I could see that... the book probably isn't much use to an outsider... other than it looking pretty. 



arnisador said:


> it has some philosophizing and long lists of the techniques of various ryu, followed by very brief descriptions ("Do A, then do B"). I can see where it would be a useful resource to a practitioner but the title is misleading. It's a partial Bujinkan syllabus, mixed with random thoughts and even more random photos. It's for enthusiasts only.


 
Yep, IMHO, I think that's intentional... sorta a guide for us, but not meant to TEACH the techniques/Kata listed there.  Like any other training aid, some folk will find it useful, some will not...


----------



## arnisador (Aug 9, 2008)

It is indeed fun to look through! But for a book that I found in Books-A-Million in the Martial Arts section with such a generic title, I do think it's a bit misleading not to have it more clearly indicated that it's intended for BBT practitioners and isn't truly a book on "Unarmed Fighting Techniques of The Samurai" for those interested in the same. Even taken not as a technique-teaching book, it still doesn't live up to the title in my opinion.

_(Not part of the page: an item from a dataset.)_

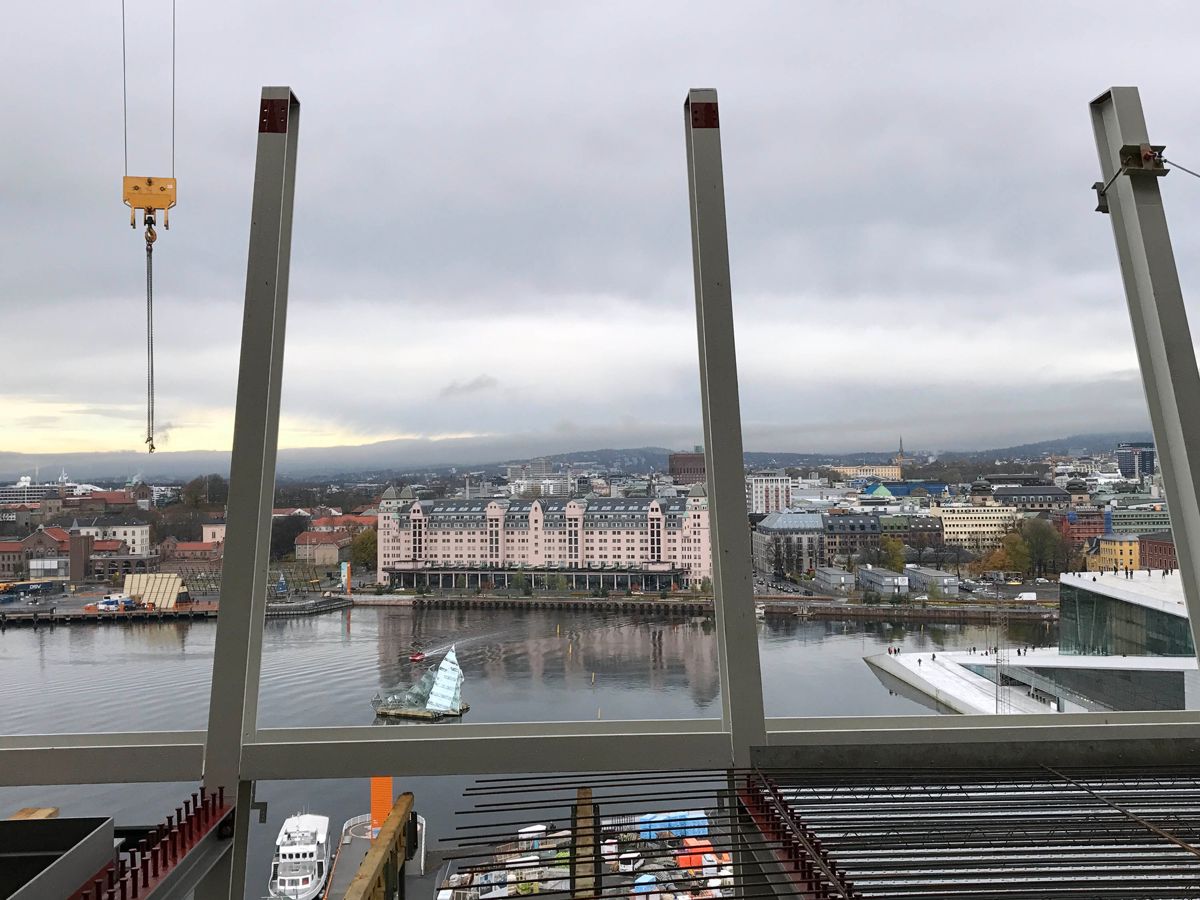 Fra toppen av museet blir det en fantastisk utsikt utover fjorden og byen. Foto: Kultur- og idrettsbygg Oslo KF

That having been said, I'd like to have such a specific guide for my own art from our late grandmaster!


----------



## Obi Wan Shinobi (Aug 10, 2008)

I was pleasantly surprised with the comment Soke made on Judo in the end photo of the book. This to me will be a great reference book on the Schools featured in the book. It'll be right next to my Ten Chi Jin.


----------



## arnisador (Aug 10, 2008)

Obi Wan Shinobi said:


> I was pleasantly surprised with the comment Soke made on Judo in the end photo of the book.



I noticed that too! It was a nice thing for him to comment so well on another art in his own book.


----------